Como suele pasar en muchas noches europeas, el Real Madrid tuvo que convivir con el sufrimiento. La presión alta y sostenida de un Benfica intenso, sumada a un primer tiempo donde no salía nada, invitó por momentos a pensar que la clasificación se escapaba. Aun así, el Madrid sacó adelante la serie, se metió en octavos y ahora aguarda el sorteo del viernes, que bien podría cruzarlo otra vez con Pep Guardiola y su Manchester City.
Como ya había ocurrido en la ida, el punto más alto fue Aurélien Tchouaméni. Se adueñó del mediocampo incluso en la comparación con un futbolista de peso como Federico Valverde, y le sumó un detalle que marca diferencias: el gol. Tiene un remate fuerte de media distancia, aunque todavía su influencia aparece lejos del área rival.
Los méritos para el planteo directo y espinoso de José Mourinho. También hay que señalar el nivel de las individualidades del Benfica, un club que desde hace años demuestra un olfato especial para detectar talento y hacerlo rendir.

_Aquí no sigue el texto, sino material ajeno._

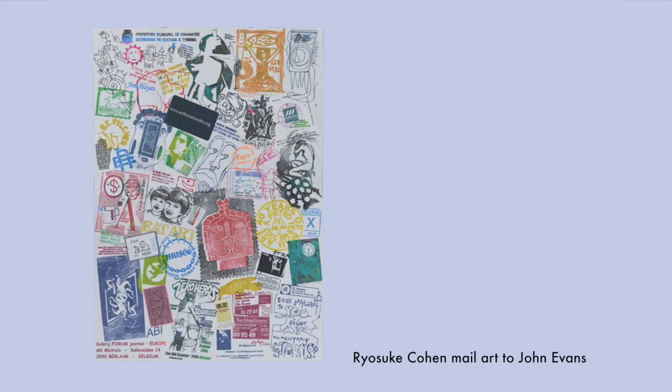So I'd love to show you some examples of mail art. This first piece is by Ryosuke Cohen and it shows a wide variety of rubber stamps and what it can look like when many artists collaborate with their stamping. All of the colors and textures are so beautiful.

El noruego Andreas Schjelderup encontró espacios a espaldas de Trent Alexander-Arnold cada vez que el Madrid se soltó en ataque. A eso se le sumó la buena sociedad entre Rafa Silva y Vangelis Pavlidis, que complicó de manera constante a la defensa blanca. El bosnio Amar Dedić sostuvo un duelo intenso con Vinícius Júnior, pero con jugadores de ese calibre basta un par de acciones para cambiar el partido: se pueden ganar casi todos los cruces y aún así pagar caro los pocos desequilibrios.
La clasificación del Madrid es justa. Fue superior en el global, más allá de los puntos altos del equipo portugués y del valor táctico que aportó Mourinho. De todos modos, quedan detalles por ajustar: el retroceso por las bandas, sobre todo cuando atacaron el sector de Trent y la falta de peso en el juego interior. Los equipos que saben jugar estas instancias manejan los momentos más complejos desde la mitad de la cancha. El Madrid lo aprendió hace tiempo.
Y mientras tanto, en el Bernabéu vuelve a encenderse una pequeña luz de optimismo: la resurrección de Vinícius de la mano de Álvaro Arbeloa y su liderazgo futbolístico, en un contexto condicionado por la ausencia de Kylian Mbappé.